From the standpoint of the independent observer, either the PPS was truthful (that is he used his influence to assist certain persons to obtain jobs in the public sector) or he stated these words to save his skin when faced with an aggressive crowd (in which case, he would, at worst, have been very economical with the truth). Does the public send representatives in Parliament to favour them or to be economical with the truth?
Either way, this is a Catch 22 situation for PPS Khamajeet. In fairness to the PPS, there is an irrational expectation from some Mauritians that MPs have to help them obtain jobs, promotions and other favours in exchange for their votes.
4. What stems out from the above is that there are strong suspicions of nepotism and that there needs to be a full-fledged enquiry to get to the bottom of this issue.
Parliament is resuming on the 18th of October and the public has a right to obtain more information on the issues which have arisen following the words uttered by PPS Khamajeet. Without being overly cynical, the public needs no reminding of the case of Ashock Jugnauth which went all the way up to the Judicial Committee of the Privy Council and which established irregularities in the recruitment of Health Care Assistants prior to elections being held in Mauritius. This recruitment then contributed to substantiate a successful invalidation of Ashock Jugnauth’s election.
Now we have an uncanny situation where the MMM, which fully supports Ashock Jugnauth, may find itself very much embarrassed to put questions in relation to the utterings of PPS Khamajeet… given that one of the politicians it is closest to, mainly Ashock Jugnauth, does not have the best of records in that regard. Furthermore, it is not ruled out that there might be an electoral arrangement between the MMM and the Labour Party. Bearing this in mind makes one think that if aggressive questions are put in relation to the very delicate issue of recruitment in the Civil Service and nepotism, this might make relations sour between potential allies.
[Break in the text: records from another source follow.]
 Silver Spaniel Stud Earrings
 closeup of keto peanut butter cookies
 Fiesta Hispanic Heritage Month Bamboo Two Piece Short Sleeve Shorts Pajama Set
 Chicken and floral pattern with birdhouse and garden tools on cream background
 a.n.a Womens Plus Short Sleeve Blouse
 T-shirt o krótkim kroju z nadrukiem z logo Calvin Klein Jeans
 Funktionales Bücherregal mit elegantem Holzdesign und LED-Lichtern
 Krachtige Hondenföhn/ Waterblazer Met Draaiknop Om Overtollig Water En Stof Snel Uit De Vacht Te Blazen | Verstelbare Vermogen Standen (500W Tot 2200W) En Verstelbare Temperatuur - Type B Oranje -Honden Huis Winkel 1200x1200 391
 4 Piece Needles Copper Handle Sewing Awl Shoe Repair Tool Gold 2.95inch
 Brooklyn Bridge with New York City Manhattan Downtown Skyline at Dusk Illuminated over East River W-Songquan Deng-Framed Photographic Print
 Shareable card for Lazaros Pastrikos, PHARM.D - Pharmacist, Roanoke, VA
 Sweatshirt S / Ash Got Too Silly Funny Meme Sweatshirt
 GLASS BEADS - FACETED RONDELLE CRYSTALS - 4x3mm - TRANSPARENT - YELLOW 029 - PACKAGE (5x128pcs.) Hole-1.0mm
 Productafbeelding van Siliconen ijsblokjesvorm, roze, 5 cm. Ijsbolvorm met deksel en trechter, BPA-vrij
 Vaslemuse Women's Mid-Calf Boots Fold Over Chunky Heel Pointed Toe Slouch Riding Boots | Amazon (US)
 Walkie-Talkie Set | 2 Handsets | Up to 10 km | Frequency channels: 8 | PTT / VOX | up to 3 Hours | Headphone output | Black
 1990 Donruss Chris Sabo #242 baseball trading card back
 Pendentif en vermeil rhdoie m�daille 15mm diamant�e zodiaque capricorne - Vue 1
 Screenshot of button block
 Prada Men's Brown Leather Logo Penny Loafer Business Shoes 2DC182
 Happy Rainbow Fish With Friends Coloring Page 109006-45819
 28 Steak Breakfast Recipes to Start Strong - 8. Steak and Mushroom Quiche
The other consideration which arises is whether politicians tend to think that they can use the country and its institutions as they please. Whatever the truth is in relation to the words of PPS Khamajeet, it will be very hypocritical to assume that what he has said in respect of favouring Labour Party supporters applies only to the Labour Party. We have to remember that the Ashock Jugnauth case occurred under the stewardship of an MMM-MSM caretaker government headed by the present Leader of the Opposition.
Since an enquiry in the Khamajeet case might take some time in view of the legal issues arising in relation to the sound recordings and since it is difficult to anticipate that the Opposition will do its duty by probing the matter further, should the public not expect that decisive action will be taken by the Prime Minister?
The Prime Minister has stated that the Equal Opportunities Act, which has not been proclaimed yet, will actually be proclaimed after some amendments are brought to the Act. In view of the fact that what was stated by PPS Khamajeet pertains to equal opportunities, or rather unequal opportunities, afforded to Mauritian citizens, should PPS Khamajeet not be taken to task for creating a perception that some are more equal than others?